The proposal presented by staff to the CVRD board included the following breakdown for a perpetual annual budget of $750,000:
Staffing cost: $255,000
Hazard Management: $110,000
Land Use Planning: $70,000
Grants, etc.: $65,000
There are several items that you as the tax payer should be concerned about.
Two new staff members are to be hired. Do we really need more full-time employees? These two staff members would be in addition to the nine employees already requested in the 2019 budget at an additional annual cost of approximately $1.035 million.
Are non-government organizations or other societies going to be supported with this function, and if so, which ones? Is there going to be a benefit to the CVRD from these organizations?
There is ambiguity in the wording of the bylaw. Taxpayers are encouraged to read the bylaw carefully.
There is no mention of the construction or maintenance of a new weir and CVRD board members as well as residents attending the previous open house presentations were told that any new weir would be left with the senior governments to deal with. However, the new bylaw enables the CVRD to take out water licences and there is an expectation by some non-government organizations that this bylaw will be used to initiate the construction of a new weir. The new bylaw would also be used to funnel government grants through.

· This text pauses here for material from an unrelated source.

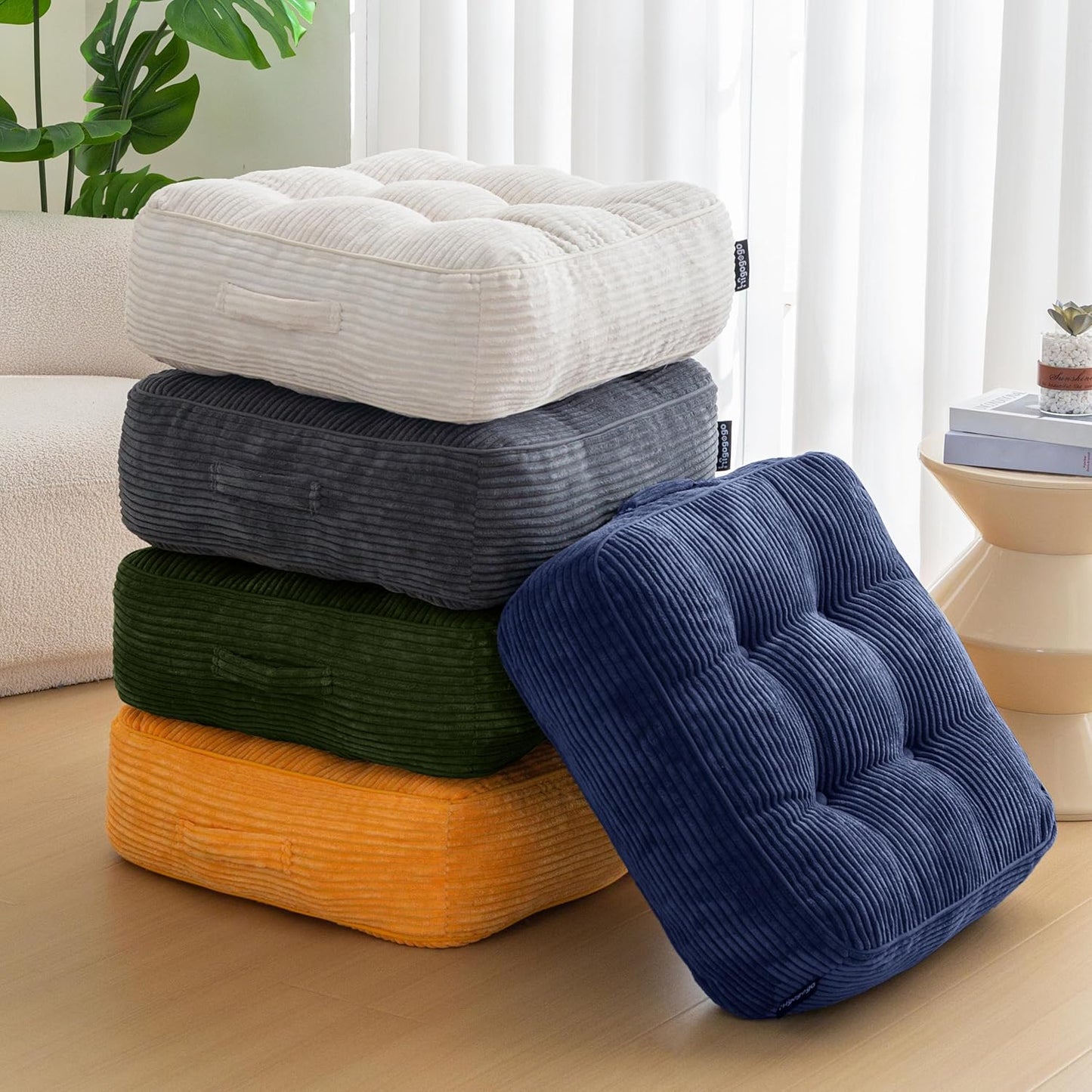 HIGOGOGO 6" Extra Thick Floor Pillow Cushion for Adults, Meditation Cushion Pillow, Large Square Floor Sitting, Tufted Corduroy Cover, for Tatami Living Room or Yoga, 22x22 Inch, 2Pack, Dark Grey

If it enables the CVRD to finance and construct a new weir, then that should have been clearly outlined. You as a tax payer have a right to know what the CVRD is planning to undertake in detail. You should not have to guess.

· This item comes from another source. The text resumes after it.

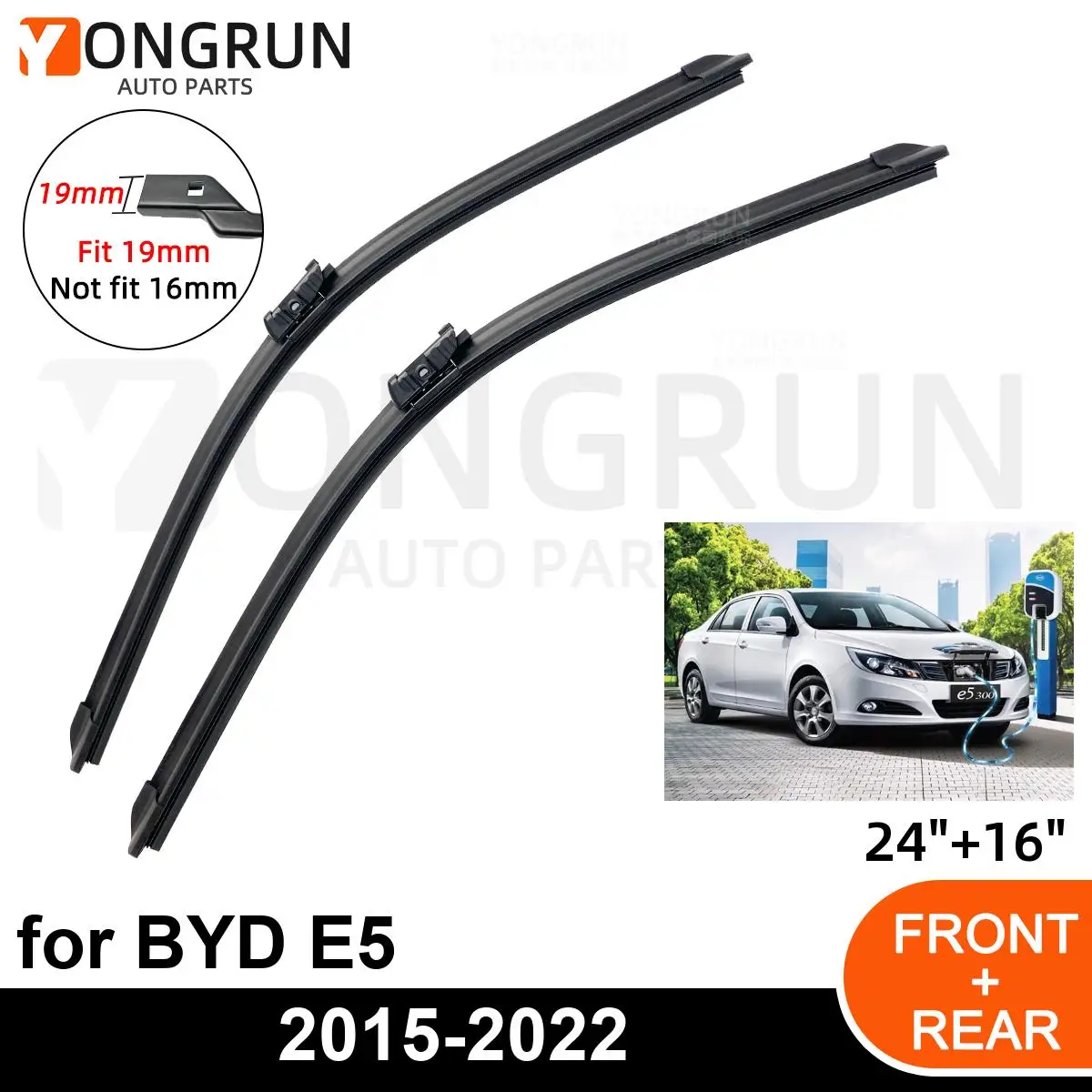 

Front Wipers For BYD E5 2015-2022 Wiper Blade Rubber 24"+16" Car Windshield Windscreen Accessories 2016 2017 2018 2019 2020 2021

The cost of a new weir is estimated to be around $10 to $20 million. Since grants by senior governments usually finance only about up to 80 per cent of any undertaking by local government, that would leave a gaping hole of about $2 to $4 million, which would have to be covered by additional tax increases.
Questions should be asked what this bylaw exactly enables the CVRD to do.
If you cast your vote in favour of this function, do you think it is going to solve the perceived problem? Are you concerned about any additional tax requisitions that might follow?
There are going to be open houses in various locations between Sept. 18 and Oct. 9.
Klaus Kuhn is the CVRD area director for Area I (Youbou/Meade Creek).